A new pair of lunar gabbroic meteorites record magma recharge at ∼ 3.0 Ga

Abstract

Young lunar basalts provide crucial insights into the Moon’s post-peak thermal evolution, yet their dynamic magmatic processes remain poorly constrained by limited petrologic evidence. Northwest Africa (NWA) 14526 and NWA 14992 are two recently collected, unbrecciated low-Ti lunar basaltic meteorites. This work presents detailed petrologic, mineralogic, geochemical, and chronological studies, indicating that they are two new launch-paired gabbroic meteorites.

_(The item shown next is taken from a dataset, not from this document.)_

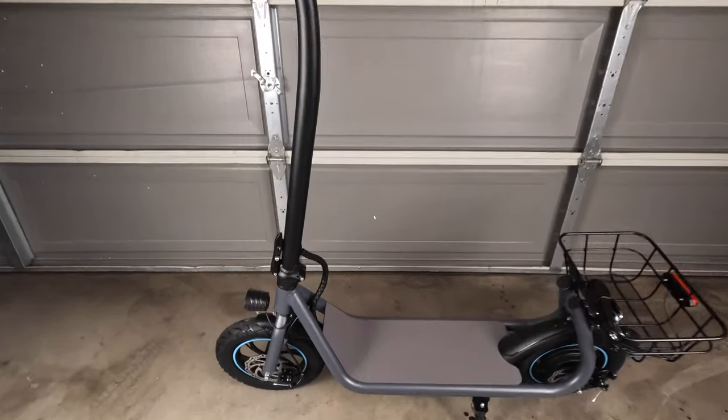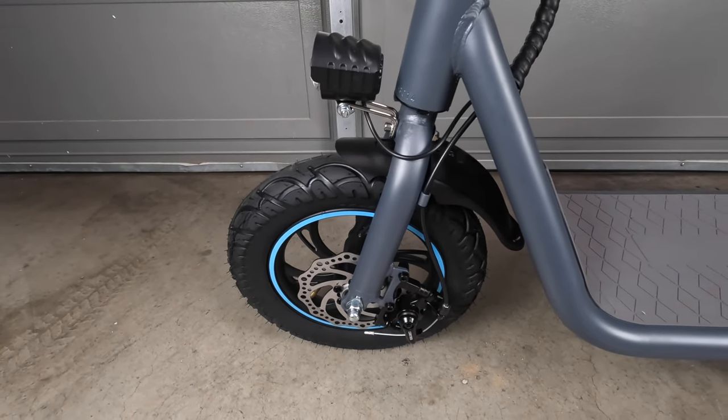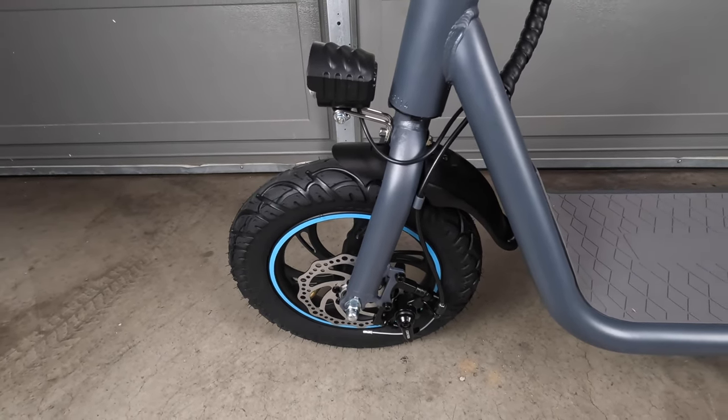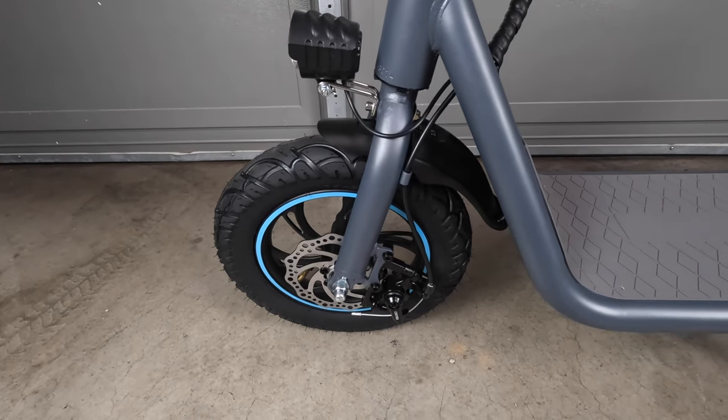In the front we've got our 12-inch pneumatic tires. Generally speaking with scooters, the bigger the tire the better — that gives you much better ability to go over lumps and bumps in the road, as well as adverse terrain, which reduces the likelihood of you flipping over on your scooter.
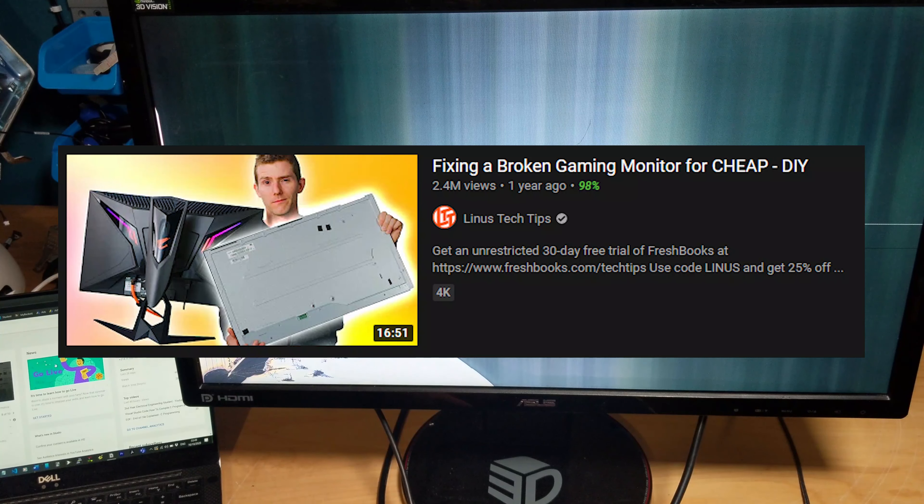Hi everyone, welcome back to another video. In this video I'm testing this Asus Nvidia gaming monitor that I got from the car boot. I paid £15 for it - it's a bit battered, it's got a scratch. I haven't turned it on or anything yet, no idea if it works. A guy on YouTube has been helping me out a lot and he said this is a good gaming monitor with a good refresh rate, so hopefully it works.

Both samples exhibit a unique lithologic dichotomy composed of Mg-rich and Fe-rich regions. Mg-rich regions display a gabbroic-like texture with relatively primitive minerals (e.g., olivine Fa_43-59) and an absence of late-stage phases, while Fe-rich regions exhibit a subophitic-like texture, characterized by relatively evolved minerals (e.g., olivine Fa_59-91) and abundant late-stage minerals and phases. Plagioclases in Mg-rich regions have higher anorthite contents (An_84-94) but lower degree of amorphization compared to those (An_73-87) in Fe-rich regions. The bimodal maskelynitization of plagioclase, documented here for the first time in lunar basalts, is incompatible with the established inverse relationship between An content and the threshold pressure required for maskelynitization, and can be attributed to the heterogeneous distribution of shock pressure, driven by the distinct mineral assemblages and modal abundances between two regions. In-situ SHRIMP U-Pb dating of apatite in NWA 14992 gives a crystallization age of 3011 ± 34 Ma (2σ). Based on resorption textures and chromium step zoning in pyroxenes, as well as other evidences for an open system, we propose that the lithologic dichotomy recorded in NWA 14526 and NWA 14992 provide clear evidence for magma recharge within the Moon. This offers another valuable window into dynamic magmatic processes and indicates that lunar magmatic systems at ∼ 3.0  Ga were more dynamic than previously recognized. Based on mineralogic and bulk-rock geochemical similarities, NWA 14526 and NWA 14992 probably share a source-crater pairing relationship with ∼ 3.0 Ga low-Ti basaltic meteorites.